Still, it was hard to overlook the fact that most people in the world seem perfectly content to stay put. Does Mongolian culture allow for the expression of an urge suppressed by settled civilizations? Some academics dismiss such musings as “atavistic stereotypes about originary cultural states.” This misses the point. Having grown up in the West, I would not choose the life of a Mongolian nomad. Their way of life interests me as a counterpoint. As I roamed around the Gobi, the idea of permanently dispensing with certain comforts in order to live a more unbound, more sensory, more spontaneous existence had great hold on my mind – travel not as temporary escape but as a way of life.
But the nomads I spoke with had nothing to say about this abstract concept. They simply told me they liked to look out the yurt’s door and see steppe and sky. Just like suburban Americans, they reacted with disapproval when I described my small studio apartment in New York.
Culture Clash
Omboo reacted with tense calm and increasing unease to finding himself directionless. He had not come to the Gobi to discover the unfamiliar. I hoped for unpredictability and adventure; he wanted nothing more than to earn a living and return safely home to his wife. Uncertainty filled me with vitality; in Omboo it inspired only dread.
“We’ll find our way,” I said, smiling.
His eyes narrowed, and he addressed me the way one would speak to a fool or a little child: “You must respect the land. Do not imagine you are its master.”
Perhaps it was hubris, but after a few moments’ reflection, giving deference to the desert’s power, I still concluded there was no cause for concern. We had enough bottled water, pasta, and canned Estonian sprats in the UAZ to last us a month. Someone would stumble upon us by then. Or we would seek someone out. People live spread thinly across the vastness, but one rarely needs to drive more than a few hours before a white, pill-shaped yurt pops up on a far-off hill. The intense sensation I had just experienced began ebbing away as I grew more comfortable with our situation. My excitement shrank to mild disappointment.

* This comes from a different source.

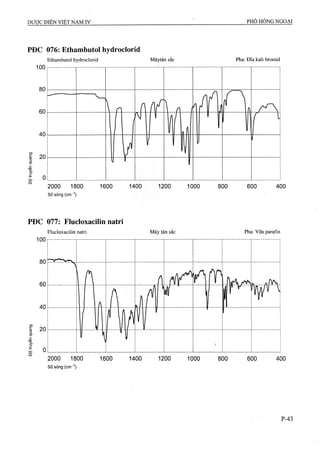 Dược điển việt nam iv 2009 (1)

Many travelers like to imagine their journeys as heroic; but there is no heroism and little real danger in this age of travel. The global tourism infrastructure, Lonely Planet, and people’s generally kind disposition to the lone wanderer ensure that, when circling the Earth, one is unlikely to suffer anything worse than delay, discomfort, or inconvenience.
Omboo pulled on his glove. “Drive gently, James,” I said with a sigh, and we began bouncing across the desert floor, barely in control on the unpredictable surface, zigzagging between rocks and crevices, running roughshod over little bushes. Slight and bird-chested, Omboo struggled with the heavy steering wheel. Amid swirls of powdered dirt, the car whined in first gear up steep hills. From each elevated spot, we searched the badlands for yurts. One gleamed in the distance, and we crawled along toward it, descending into a trough between hills and losing sight of it, driving on, ascending a crest and again catching a glimpse – only to arrive, after a long and tortuous path, at a massive, sun-bleached boulder.

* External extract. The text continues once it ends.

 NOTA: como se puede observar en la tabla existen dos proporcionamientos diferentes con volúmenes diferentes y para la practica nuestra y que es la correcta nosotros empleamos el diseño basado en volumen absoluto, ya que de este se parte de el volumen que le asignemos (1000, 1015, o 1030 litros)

A couple hours’ more plodding, and we pulled onto a plateau. Through squinting eyes and binoculars, we focused deep into the distance – arguing about whether features swimming and shimmering on hot air currents were yurts, rocks, or mirages. Grazing goats grabbed our attention. Omboo and I turned to each other with a look of agreement – where there are goats, there are goatherds. We followed the goats; there were no goatherds. Irritated, lips pressed together in aggravation, Omboo swerved in another direction and drove on. Finally, after some hours of aimless roving, we chanced on a yurt.
Tie Up Your Dogs!
Navigating the UAZ with one gloved hand as we rolled up to the yurt, Omboo’s confidence returned, and he slipped on his sunglasses – again half-gangster, half-gardener. The future shone brightly, even as three slavering yellow mongrels shook the desert dust from their hides and surrounded the car. Some young girls played in the sand. Grinning, Omboo cut the motor, carefully cracked open the door, and in his strained, high-pitched voice wailed the standard greeting of rural Mongolia: “Nakhoi khoroe! Tie up your dogs!” The children held the murderous mutts but could do little more. There was no one else around, and these kids knew nothing of roads. They pointed us in a direction where we could find others.

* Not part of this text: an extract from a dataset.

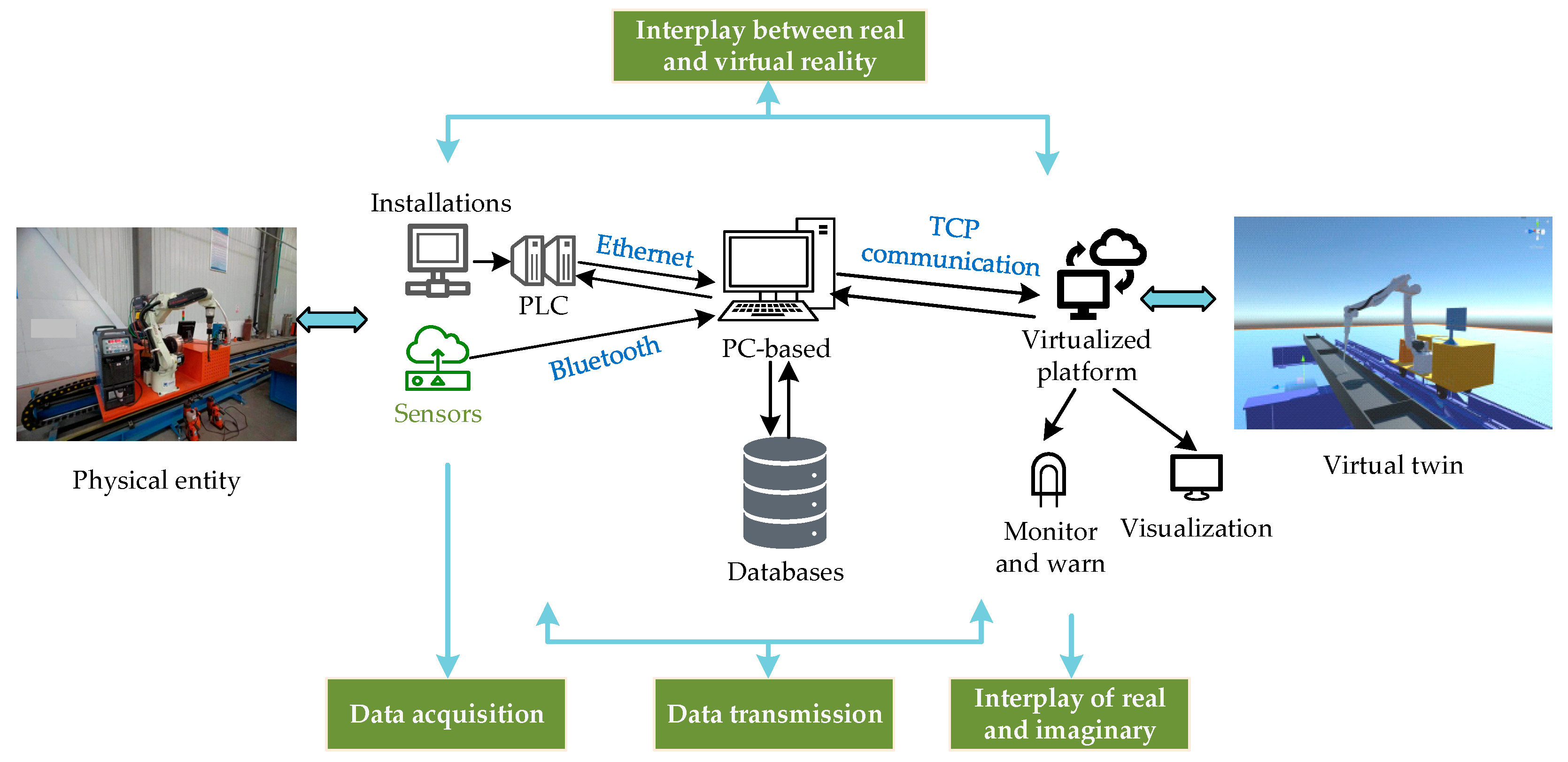 Sensors 25 03889 g023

Following the girls’ advice, we skirted a nearby hill and found some people working with sheets of canvas and wet wool to create the felt used to insulate yurts. A stocky, broad-shouldered nomad, his face red from sun and exertion, exuded commanding presence. Omboo and the commander conferred. Crouching low to the ground, using their index fingers, they scratched lines and scrawled schematics in the dirt, then wiped away the results and doodled again. The landscape here had no distinguishing features or anything that looked like a landmark. I regarded the mapmakers with bemusement and incredulity. But a half-hour later, we found ourselves back on the “road,” and Omboo, visibly relieved to have a clear track to follow, set the UAZ on its course.
Delighted that no paleoanthropologist in the distant future would be excavating my fossilized bones from the Gobi, I nonetheless regretted that things had not grown more interesting. My desert adventure had proved predictably short. Still – cruising in the convulsing UAZ, enveloped in the eternal land that lay all about, I knew I had done right to come to Mongolia. In this large, evocative landscape I had felt a connection to a long past, to history and humanity – to something greater than my own small life.